Lecture 15: Cameras & Lenses (2)
zy5476

Renderings like this seem very interesting to me. I feel like the photo looks realistic from afar but upon closer inspection something seems wrong about it. I was wondering if this feeling could be quantified into any specific feature or reason.

tom5079

Maybe there is an AI that can distinguish rendered images from real images?

aravmisra

I found this website: https://www.aiornot.com/

I know this isn't exactly what you both were referring to- AI vs simply rendered photos. I wonder if the process might be similar however? With SD, the process of breaking down each subsequent step into its liminal space probably hints at whether an image is AI-generated or not. Perhaps there's an equivalent here that models can use to detect?

rcorona

I'm not aware of any models used to distinguish images captured by cameras from rendered images, but to add to the discussion above, I think that training a model to do this could be complicated by the fact that there isn't a single canonical distribution for real images, since their properties will depend on the physical parameters of the camera used to capture each one.

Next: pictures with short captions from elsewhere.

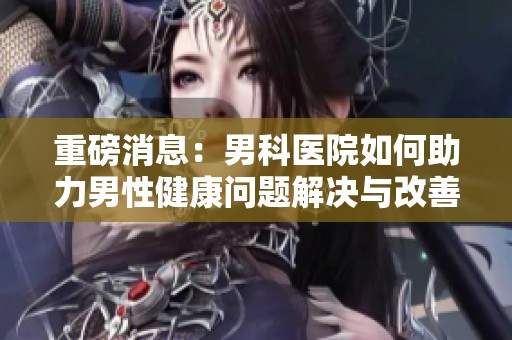 重磅消息：男科医院如何助力男性健康问题解决与改善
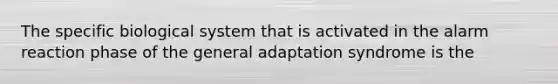 The specific biological system that is activated in the alarm reaction phase of the general adaptation syndrome is the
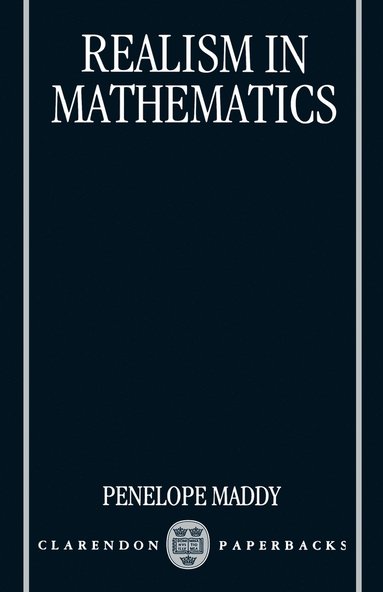 Penelope Maddy - Realism in Mathematics, Häftad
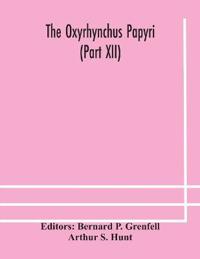 The Oxyrhynchus Papyri (Part Xii)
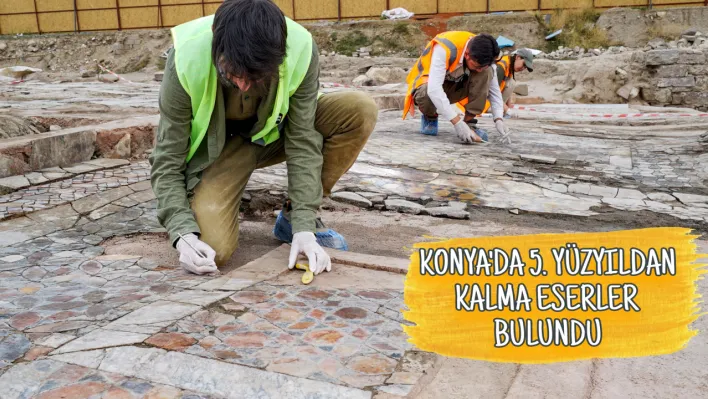 Konya'da bir ilk: 5. yüzyıldan kalma eserler ortaya çıktı!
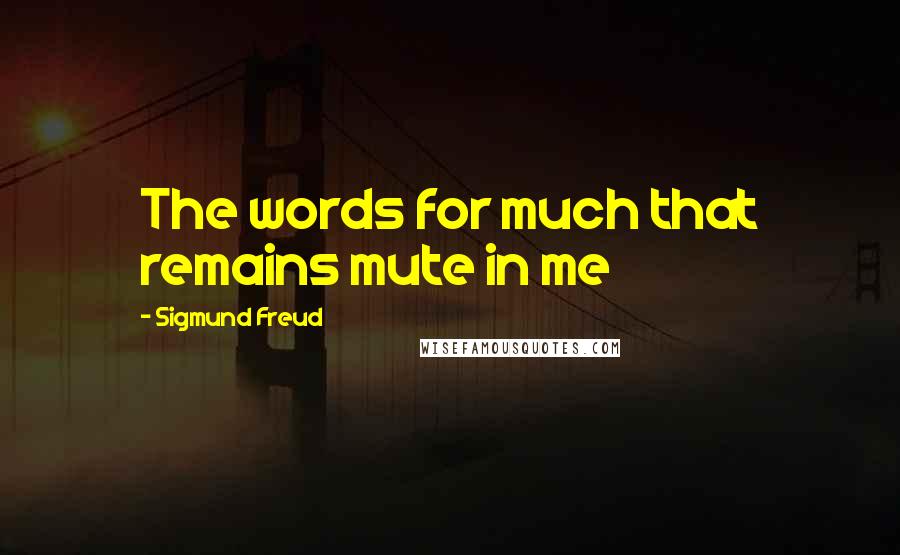 Sigmund Freud Quotes: The words for much that remains mute in me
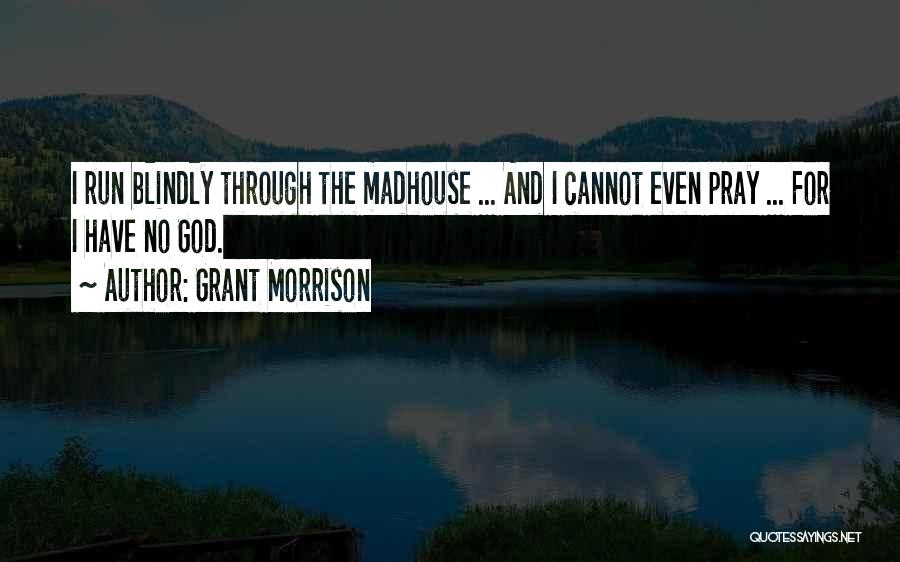 Grant Morrison Quotes: I Run Blindly Through The Madhouse ... And I Cannot Even Pray ... For I Have No God.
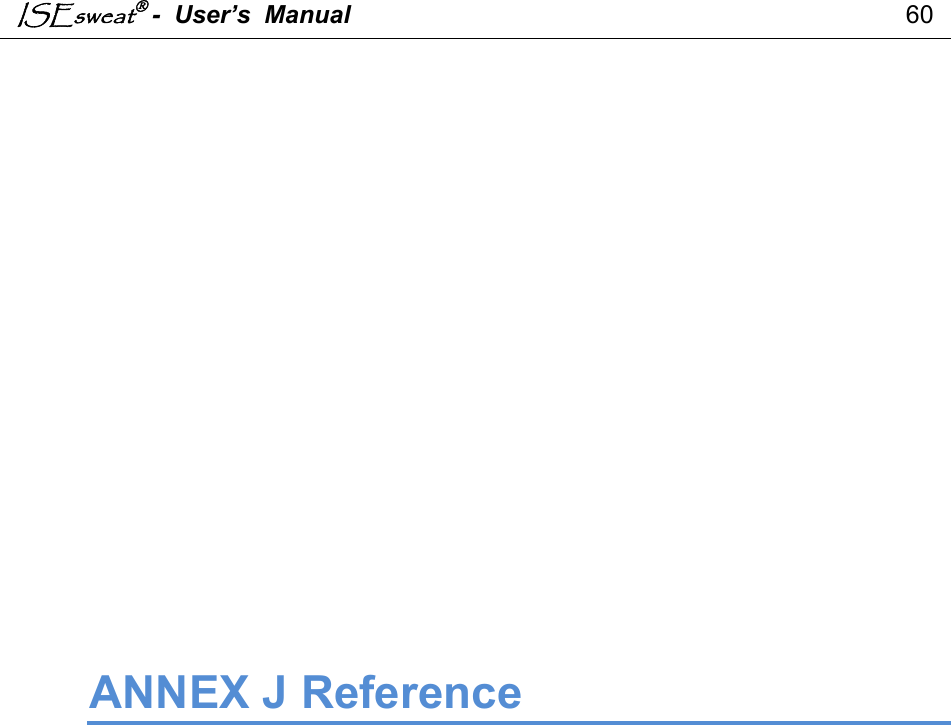 ISEsweat -  User’s  Manual                                                                                60                       ANNEX J Reference 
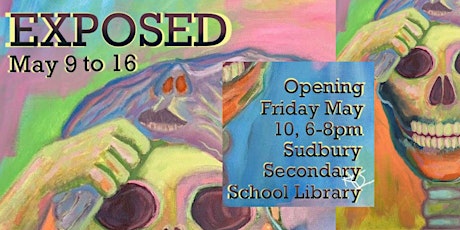 EXPOSED! Sudbury Secondary Student Art Exhibition 2024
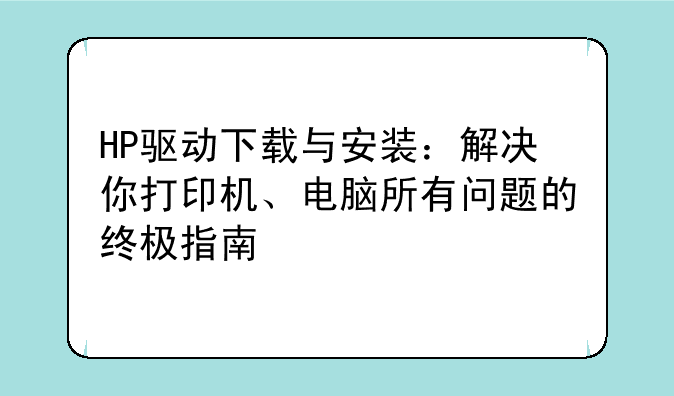 HP驱动下载与安装：解决你打印机、电脑所有问题的终极指南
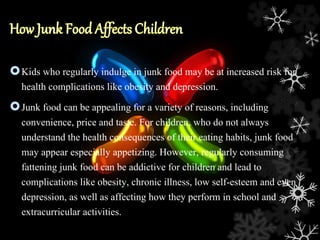 Junk food AND ITS HARMFUL EFFECTS | PPTX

For example, I'm reminded of this paper (https://arxiv.org/pdf/1505.05192.pdf) which presents a method for learning image features by having a model attempt to predict the relative positions of image patches. The intuition is that in order to learn how to predict relative positions, the model would need to learn about the appearance and structure of objects.

As a complication, the authors found that some cameras will refract light differently depending on which region of the lense it passes through, something which the model was leveraging to find a trivial solution to the relative position prediction problem (and hence was lowering the quality of learned representations).

Songbird94

This thread is super informative!

emily-xiao

Agree with zy5476 that the rendering feels ever so slightly off — particularly in terms of the way it captures stillness in parts that more realistically should be moving and the motion blur feels overdone. Also curious about details of the underlying model.

AbhiAlderman

I'm wondering what makes this photo appear so "off"? It seems almost realistic but certain elements make it seem AI-generated or rendered in some modeling software. I think it has something to do with the lighting on the flowers contrasting with the bees. The bees almost seem like cutouts pasted onto the page from a scene with a different light source. The motion blur on the wings also seems overdone, even though this is a hummingbird. Is it only the lighting that is impacting the realistic quality of this photo, or are there more elements affecting the quality?

CLV-Iclucia

I guess it's because the volumetric rendering of the flowers and furs are not handled well? Modelling these materials are always hard. I have seen many AI-generated faces and none of them can handle the SSS effect of skin correctly, as a result the faces look too smooth, as if they are made of plastics. I guess in this picture we have the same problem.